A vector containing the species list.

max_dist

Maximum edit distance used in fuzzy matching steps. Defaults to 2 (the default in fuzzyjoin::stringdist_left_join()).

save_ambiguous

Logical flag. If TRUE, ambiguous fuzzy genus matches are exported to disk.

ambiguous_path

File path used when save_ambiguous = TRUE. Defaults to "ambiguous_genera.csv".

Details

The function first attempts to directly match species names with exact matches in the database (genus and specific epithet, or genus, specific epithet, and infra species).

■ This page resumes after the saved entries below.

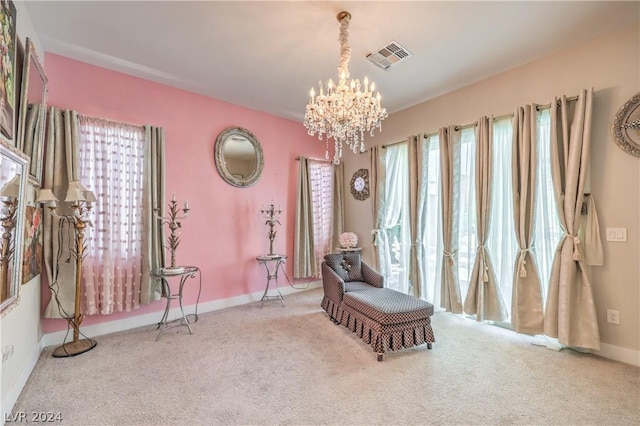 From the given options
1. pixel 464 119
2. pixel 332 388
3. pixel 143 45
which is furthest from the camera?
pixel 464 119

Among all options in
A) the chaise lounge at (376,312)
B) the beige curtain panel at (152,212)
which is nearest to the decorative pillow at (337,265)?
the chaise lounge at (376,312)

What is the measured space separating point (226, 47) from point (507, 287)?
12.9 ft

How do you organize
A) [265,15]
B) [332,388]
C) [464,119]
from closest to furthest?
[332,388], [265,15], [464,119]

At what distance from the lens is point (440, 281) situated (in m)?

If no exact match is found, the function performs a fuzzy match using the fuzzyjoin package with optimal string alignment distance as implemented in stringdist.

The maximum edit distance can be controlled through max_dist.

The function matching_ppendemic returns a tibble with new columns Matched.Genus, Matched.Species, and Matched.Infraspecies, containing the matched names or NA if no match was found.

Additionally, a logical column is added for each function called, allowing users to see which functions were applied to each name during the matching process. If a process column shows NA, the corresponding function was not called for that name because it was already matched by a preceding function.